広間に流れ込んだ大量の血の匂いが、迷宮の深奥で眠る獣の本能を呼び覚ます。


闇の底から、地響きのような雄叫びと、無数の足音。


「……ちっ、キリがねぇ」


舌打ちが漏れる。


「この数のゴブリンだ……」


後ろで、エリオットが険しい顔で呟く。


「雑魚だけじゃ、これだけの規模の巣は維持できない。 間違いなく、群れを統率する**『キング』**がいる」


ただ怯えるだけの少年の瞳ではない。


仲間の命を預かるリーダーとして、生存への最適解を探る冷静な光。


それが、エリオットの資質。


「だが、どうする……。
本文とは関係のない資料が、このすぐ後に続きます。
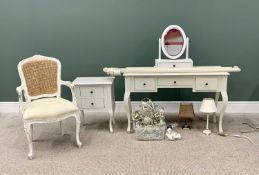 MODERN WHITE/OFF WHITE BEDROOM FURNITURE & FITTINGS - a mixed quantity to include a three drawer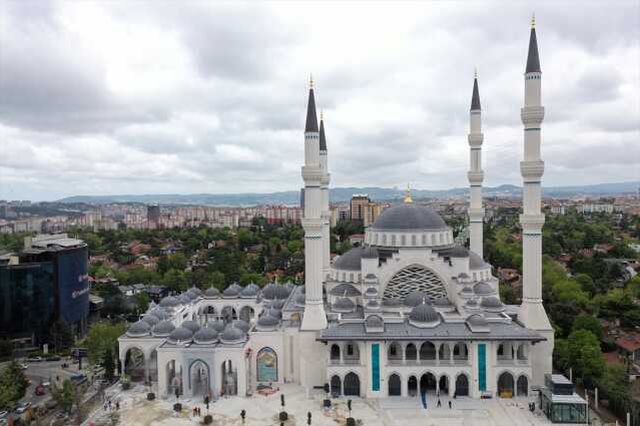 İstanbul'un yeni gözbebeği! 20 bin kişinin aynı anda ibadet edebileceği Barbaros Hayrettin Paşa Camii açıldı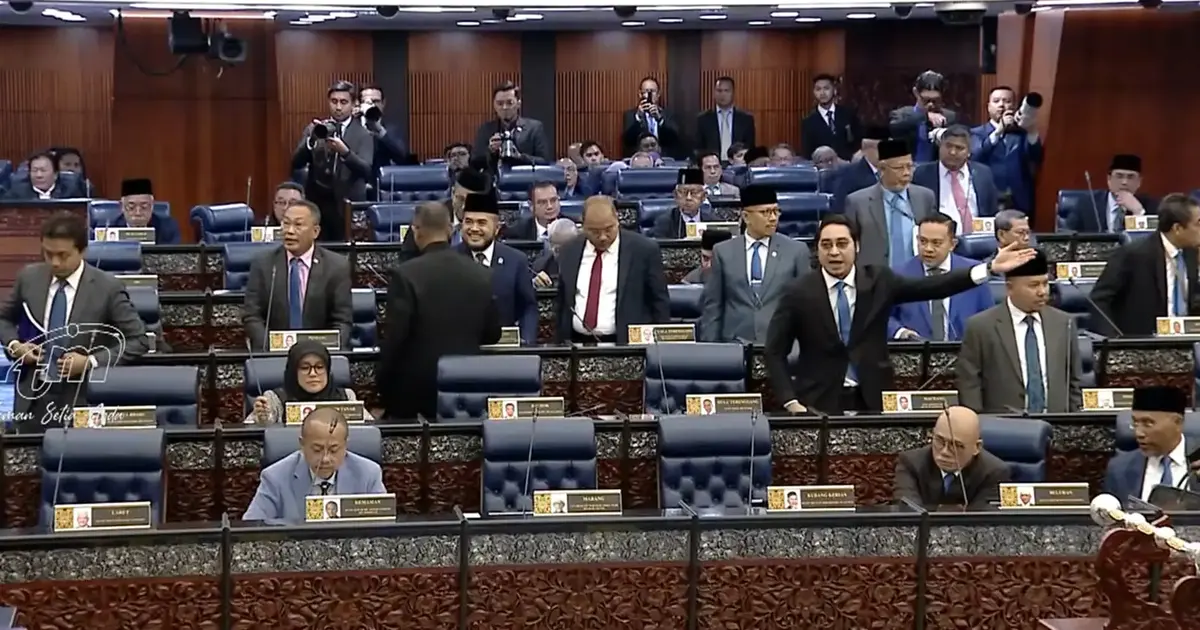 Perikatan Nasional MPs Stage Dramatic Exit Over Speaker's Rejection of Sitting Delay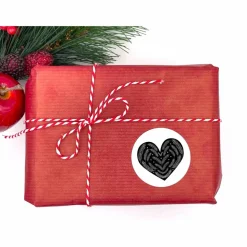 Herz mit Tannenzweigen auf 12 Papieraufklebern in schwarz-weiß 4cm rund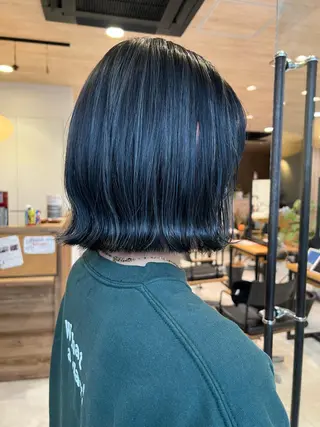 ショート カラー Oasisgarden所属・レイヤー/ブリーチ MOMOのヘアスタイル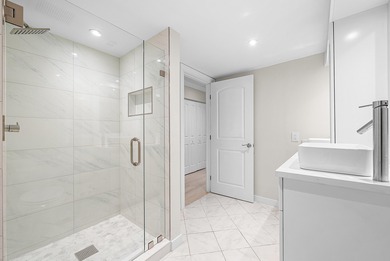 LAST UNIT REMAINING WITH NEW BUYER INCENTIVE! Photos virtually on Hunters Run Golf and Country Club in Florida - for sale on GolfHomes.com, golf home, golf lot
神晶球とか言ったか? あんたのその左目で敵の位置は分かっても、この迷宮は複雑すぎる。 奴らの玉座まで、まともにたどり着けるか……?」


的確な懸念。


答えず、静かに左目の眼帯を外す。


【神晶球】が、濃密な邪気に反応し、硝子の中で血管のように光を脈動させた。


「今にわかるさ」


それだけ言い残し、迷宮の闇へと再び身を投じる。


今度は闇雲ではない。


「おい、待て!」


エリオットが慌てて追走する。


信じられない光景だっただろう。


無数に枝分かれする通路を、一切の迷いなく、ただ一直線に駆け抜けていく。


右へ、左へ、時に逆走するかのような不可解なルート。


常人であれば確実に迷う道を、まるで生まれた時から知る庭のように突き進む。


神晶球には、もはや迷宮の壁など映っていない。


無数のゴブリンを示す赤い点。


その中心で、一際大きく、禍々しい光を放つ**「王」**の存在。


王へと続く、最短にして唯一の「正解ルート」だけが、光の線となって脳内に焼き付いている。


「ウォン!」


後方から合流したフェンリルが先行し、雑魚を蹴散らす。


俺が中央を駆け、エリオットが後方を固める。


即席の布陣だが、連携は驚くほどに噛み合っていた。


そして。


迷宮の最深部、巨大な空洞へとたどり着く。


うず高く積まれたガラクタと、無数の人骨で築かれた、歪な「玉座」。


そこに、一体の悪夢が鎮座していた。


通常のゴブリンの三倍はあろうかという巨体。


傷だらけの王冠と、錆びついた鉄鎧。


何より異様なのは、その肌。


地獄の業火を固めたような、禍々しい緋色。


ゴブリンの王。


その濁った瞳が、侵入者(俺たち)を捉え、獰猛な光を放つ。


「……いたな、親玉」


魔銃を静かに構える。


だが、エリオットが息を呑み、肩を掴んだ。


「待て……! よく見ろ!」


指さす先。


玉座の左右から、二つの巨大な影がせり上がってきた。


王を守護する、二体の門番。


一体は、鋼のような青き肌。 巨大な戦斧を担ぐゴブリン・ジェネラル。


もう一体は、闇よりも深い黒き肌。 鋭利な長槍を構えるゴブリン・ランサー。


その巨躯は、王の更に倍。


絶望的な質量が、雑魚とは次元が違うことを示している。


隻眼が、三体の強敵を冷静に捉える。


額を、一筋の冷たい汗が伝った。


グリップを握る手に、力がこもる。


神晶球が映し出す敵の輪郭は、これまでの赤い点ではない。


燃え盛る炎のような、明確な「死」の色。


「グルルル……」


緋色の王が、玉座に座ったまま、地を這うような低い唸りを上げる。


それが、開戦のゴングだった。


一瞬。


脳裏に、かつての戦いの日々が、幻のようにフラッシュバックする。


(……いつもなら、ライザが斬り込み、ベルゼが援護し、アーシェが支えた。 そして中央には、常にあの男がいた……)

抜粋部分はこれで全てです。